A few more examples:
* `REFRESH EVERY 1 DAY OFFSET 10 MINUTE` (`destination`) depends on `REFRESH EVERY 1 DAY` (`source`)<br>
If `source` refresh takes more than 10 minutes, `destination` will wait for it.
* `REFRESH EVERY 1 DAY OFFSET 1 HOUR` depends on `REFRESH EVERY 1 DAY OFFSET 23 HOUR`<br>
Similar to the above, even though the corresponding refreshes happen on different calendar days.

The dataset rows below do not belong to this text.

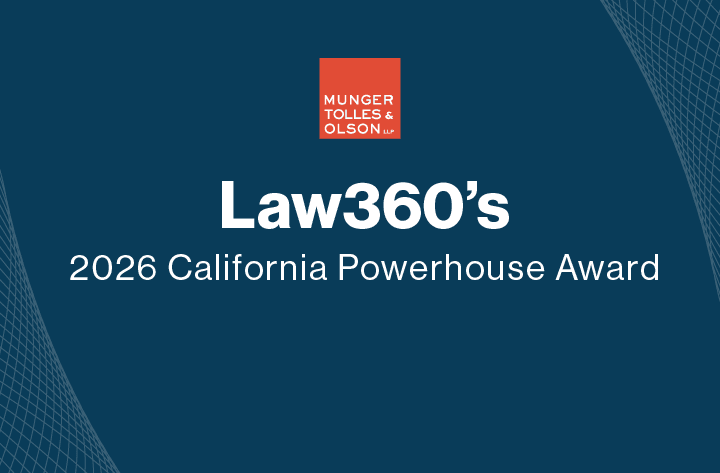 Law360’s 2026 California Powerhouse Award 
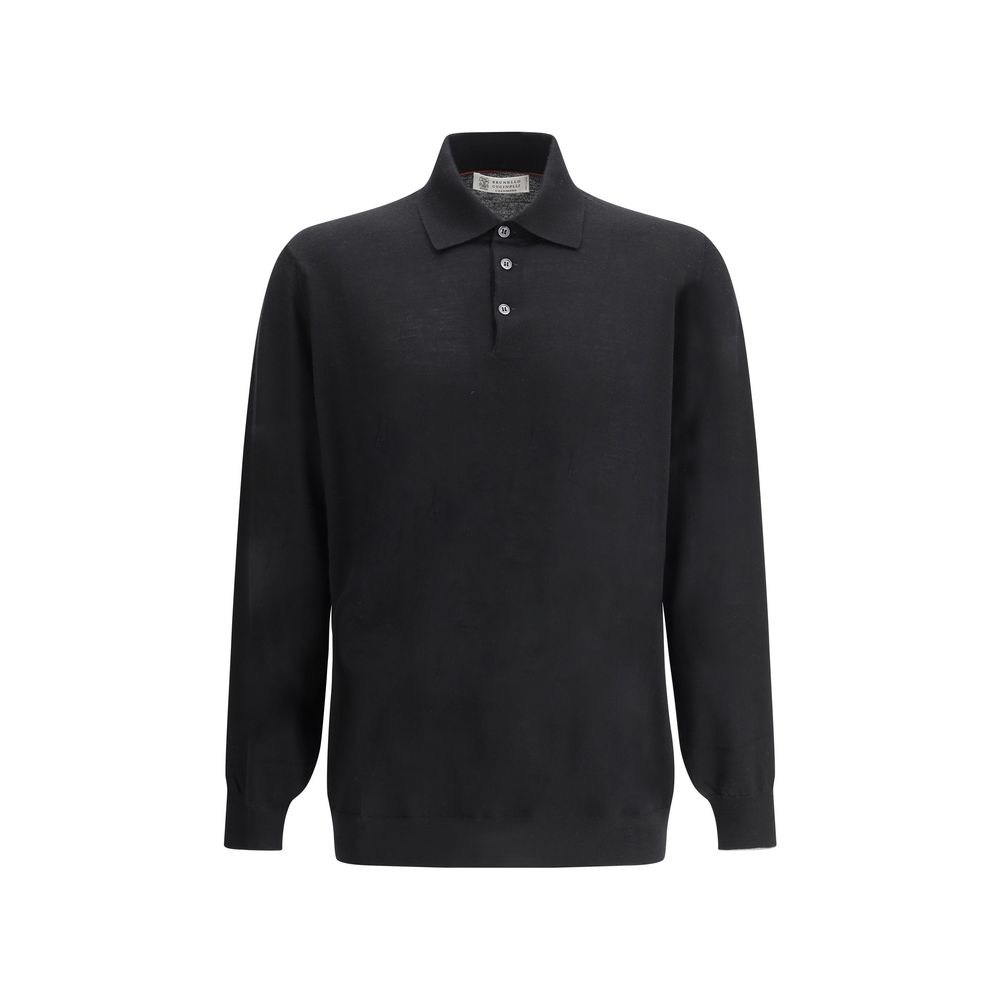 Brunello Cucinelli Black Cashmere Dress Shirt | Regal Royce
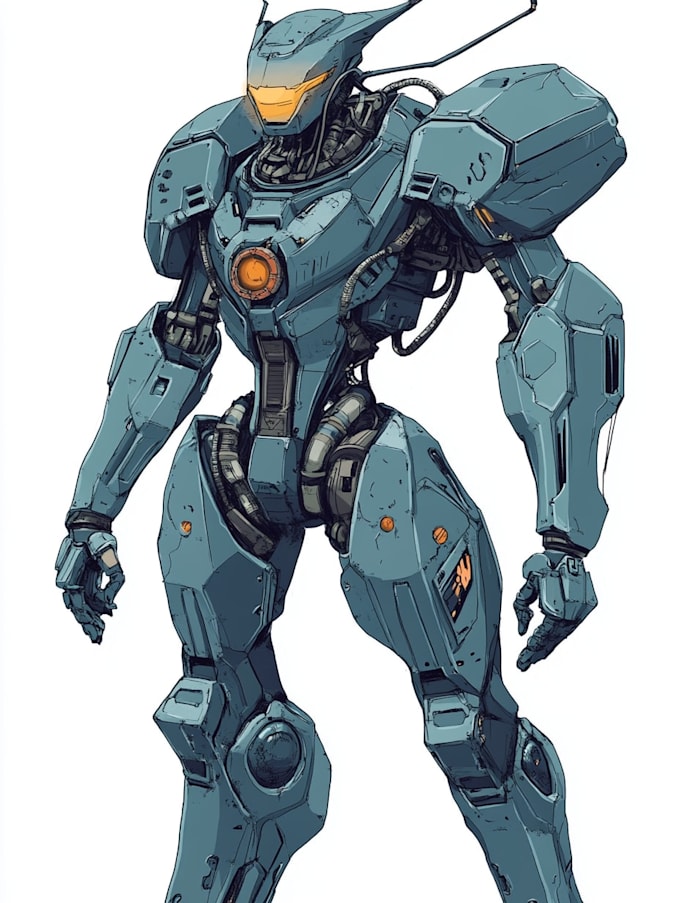 illustrate mecha vector art for you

`destination`'s refresh on day X+1 will wait for `source`'s refresh on day X (if it takes more than 2 hours).
* `REFRESH EVERY 2 HOUR` depends on `REFRESH EVERY 1 HOUR`<br>
The 2 HOUR refresh happens after the 1 HOUR refresh for every other hour, e.g. after the midnight
refresh, then after the 2am refresh, etc.
* `REFRESH EVERY 1 MINUTE` depends on `REFRESH EVERY 2 HOUR`<br>
`REFRESH AFTER 1 MINUTE` depends on `REFRESH EVERY 2 HOUR`<br>
`REFRESH AFTER 1 MINUTE` depends on `REFRESH AFTER 2 HOUR`<br>
`destination` is refreshed once after every `source` refresh, i.e. every 2 hours. The `1 MINUTE` is effectively ignored.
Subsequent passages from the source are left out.